• [Work instruction]
Read each line of the material and note whether it contains "Street". Give the number of such lines and nothing else.

• [Records for the exercise]
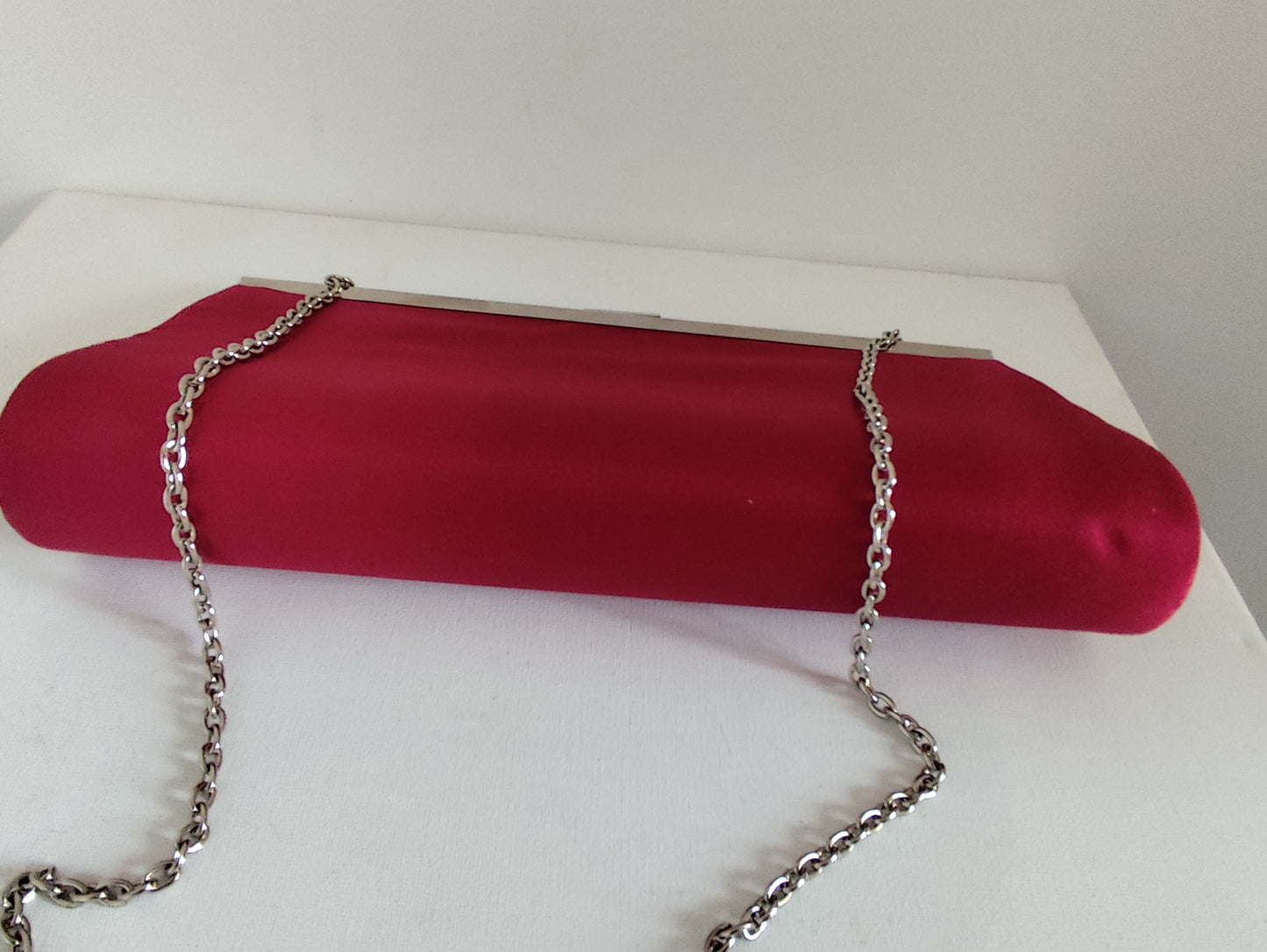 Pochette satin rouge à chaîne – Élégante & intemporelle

...

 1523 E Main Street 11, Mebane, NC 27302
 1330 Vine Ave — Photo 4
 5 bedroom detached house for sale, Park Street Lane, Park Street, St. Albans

...

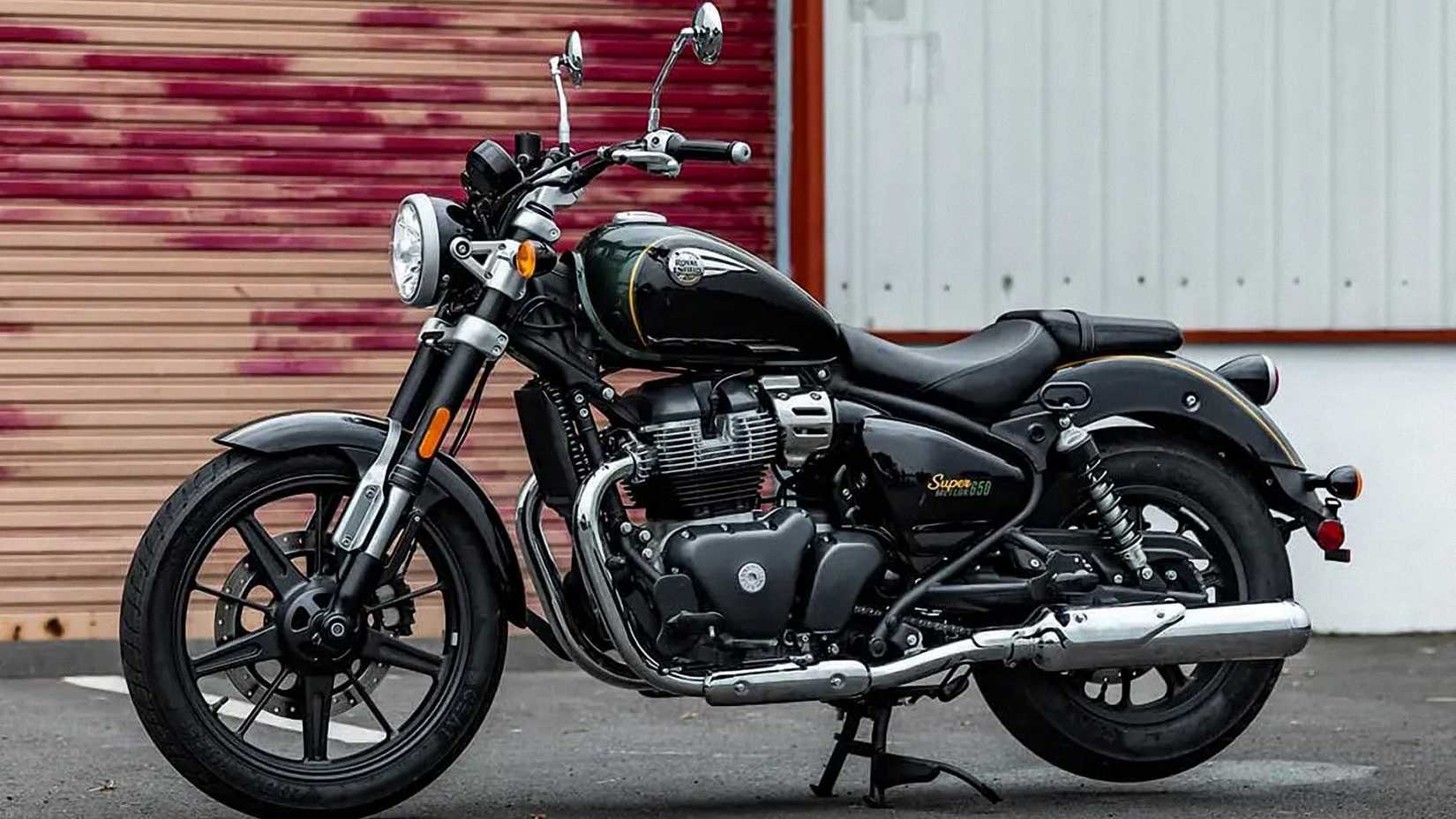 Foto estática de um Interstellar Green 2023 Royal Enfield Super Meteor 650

• [Finished exercise]
2